It may lack the well-developed, sybaritic appeal of Bali to the southwest, but Indonesia’s North Sulawesi has charms all its own. The lush province, set along the volcanic Pacific Ring of Fire, teems with biodiversity- from forested nature preserves to the world-class Bunaken marine reserve, home to more than 2,500 varieties of fish. Though the island has maintained a low profile, it’s definitely on the rise, thanks to direct flights from Singapore to its capital, Manado, and a wealth of sustainable ecotourism projects in the works (including a recent, successful campaign to prevent a gold mine from dumping its harmful tailings into the sea).

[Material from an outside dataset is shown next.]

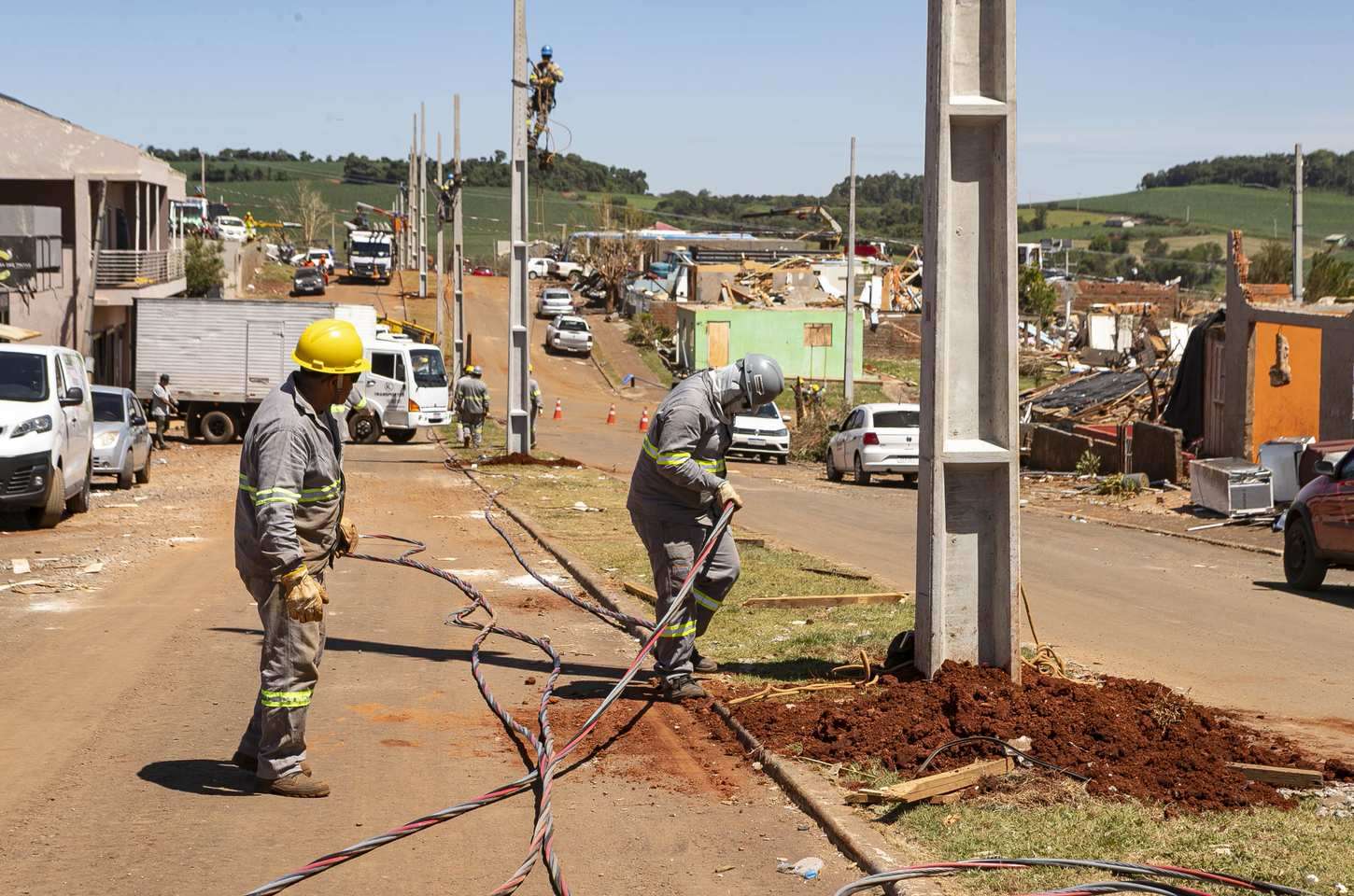 Copel restaura 100% da rede elétrica urbana de Rio Bonito do Iguaçu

The pick of the province’s resorts is the year-old Kima Bajo Resort & Spa (62-43/186-0999; www.kimabajo.com; doubles from $230) set on remote Wori Bay. Here, a collection of 32 elegant suites and freestanding thatched-roof villas- some with outdoor rain showers and bathtubs- and a serene spa cascade down a hill to a volcanic-sand beach. Guests spend their days cruising Bunaken and the surrounding islands, dining on superb Indonesian fare, and taking in the breathtaking sunsets over Manado Tua, a dormant volcano rising from the sea.

While There

Organize a hike with Tangkoko Ecotourism Guides Club (62-43/187-1845; www.neba.nl) through the densely forested 21,745-acre Tangkoko-Batu Angus Dua Saudara National Park to spot the fabulously eccentric spectral tarsier, a tiny nocturnal primate with enormous eyes that can swivel its head 180 degrees and jump 10 times its body length. Try finding that on Bali.

This review appeared in the February 2007 issue of Travel + Leisure Magazine, USA edition. Prices were correct at the time of publication.